Джордж похвалил мой коктейль, мягко напомнив мне, что утром нужно «купить эти оливки». Ему понравились и отбивные, но он намекнул на то, что неплохо было бы прожарить их получше («Я люблю подгоревшее мясо»). А вот картофельное пюре не прошло проверку («Комковатое, ты не находишь, дорогая? На самом деле я фанат жареной картошки»). На десерт я ничего не приготовила, и это его разочаровало… «Но, послушай, ты же в первый готовишь для меня, как жена для мужа… так с чего я решил, что знаешь мои вкусы? Мы ведь только учимся, верно?»

Я улыбнулась. Натянуто. Совсем как его мать.

Удалось посмотреть Старый Гринвич? — спросил он.

Да. Он очень… своеобразный.

Своеобразный, — повторил он, смакуя это слово. — Как сказано. Я же говорил, что тебе здесь понравится.

Кажется, в городе уже все знают, кто я.

А что ты хотела? Городок-то маленький. Молва быстро распространяется.

Это уж точно. Похоже, всем известно и то, что я беременна.

О… — обеспокоенно произнес он.

Вот мне интересно, как просочилась эта новость.

Понятия не имею.

В самом деле?

На что ты намекаешь?

Я ни на что не намекаю. Просто задаюсь вопросом…

Я тебе скажу, как это могло произойти. Люди слышали о том, что мы так быстро поженились, вот и сложили два плюс два.
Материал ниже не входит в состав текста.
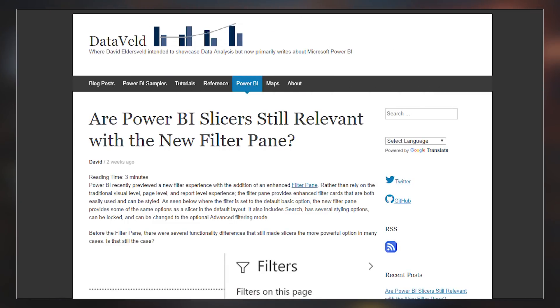David Eldersveld had a blog post not too long ago where he actually looked at slicers versus filters and this really resonated with me, especially because it was right after I posted the slicer panel video. I thought it'd be a great follow-up to echo what David mentioned about slicers versus filters — do we even need slicers anymore? The answer is, with most things, it depends. So let's jump into my computer and take a look at this.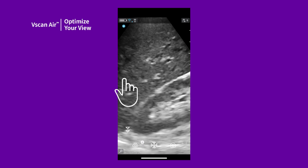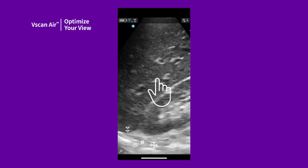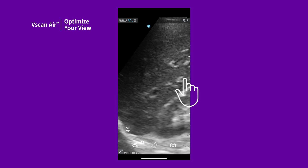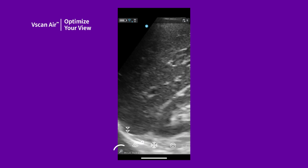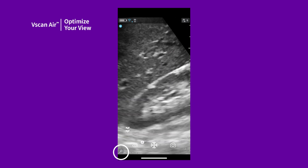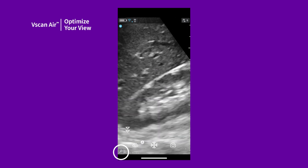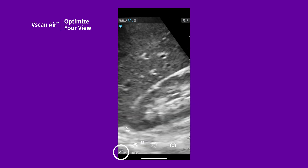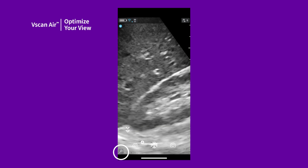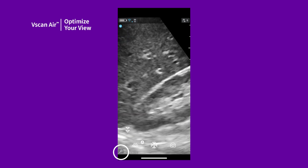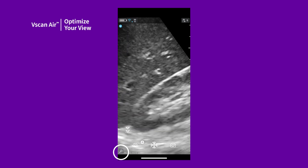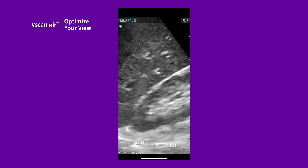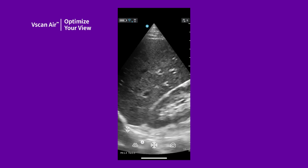Pan or move a specific area of the image by sliding your finger. A zoom indicator is visible on the screen to indicate a zoomed-in image. You can also tap this to return to unzoomed live B mode.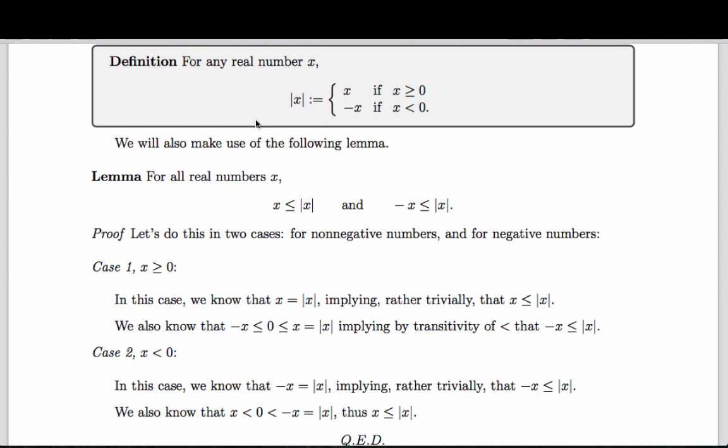Now let's look at the second case: x is negative. In this case, negative x is the absolute value of x, which implies trivially that negative x is less than or equal to the absolute value of x, because it's actually equal to it. And because x is negative, we know that negative negative x, which is x, is less than negative zero, which is zero, which is less than negative x, which is the absolute value of x. Therefore, x is less than the absolute value of x, so certainly less than or equal to it. In both cases, we've proved the result.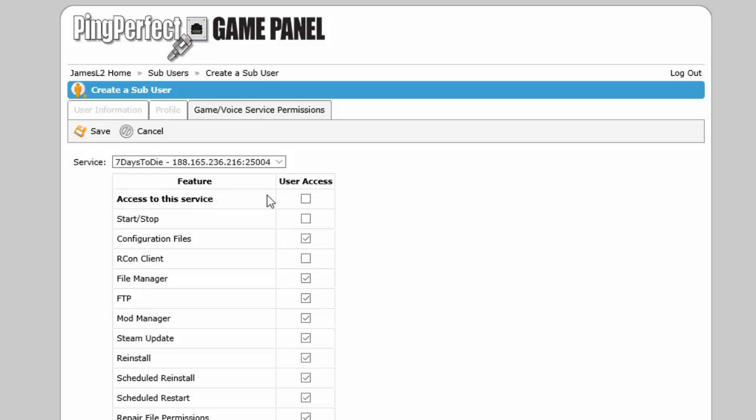So if you tick access to this service, then you can go ahead and tick the rest of the boxes or untick them if you don't want them to have access to that. So start/stop if you want them to have access to that, configuration files if you want them to be able to configure your server.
Если только кто-то не выдал наш маленький секрет.

Кто это мог сделать?

Твоя мать.

Какие ужасные вещи ты говоришь.

Это всего лишь предположение…

С чего бы ей это делать?

Это в ее стиле… не говоря уже о том, что тем самым она в очередной раз поставила меня на место. Знаешь, если бы у меня были деньги, я бы поставила тысячу долларов на то, что она намекнула кому-то в городе о моей беременности, прекрасно зная, что слух ространится, словно раковая опухоль…

Зачем ты так? — теперь уже резким тоном произнес он.

Как я уже сказала, это всего лишь предположение…

Тогда прекрати строить свои предположения. Я этого не позволю.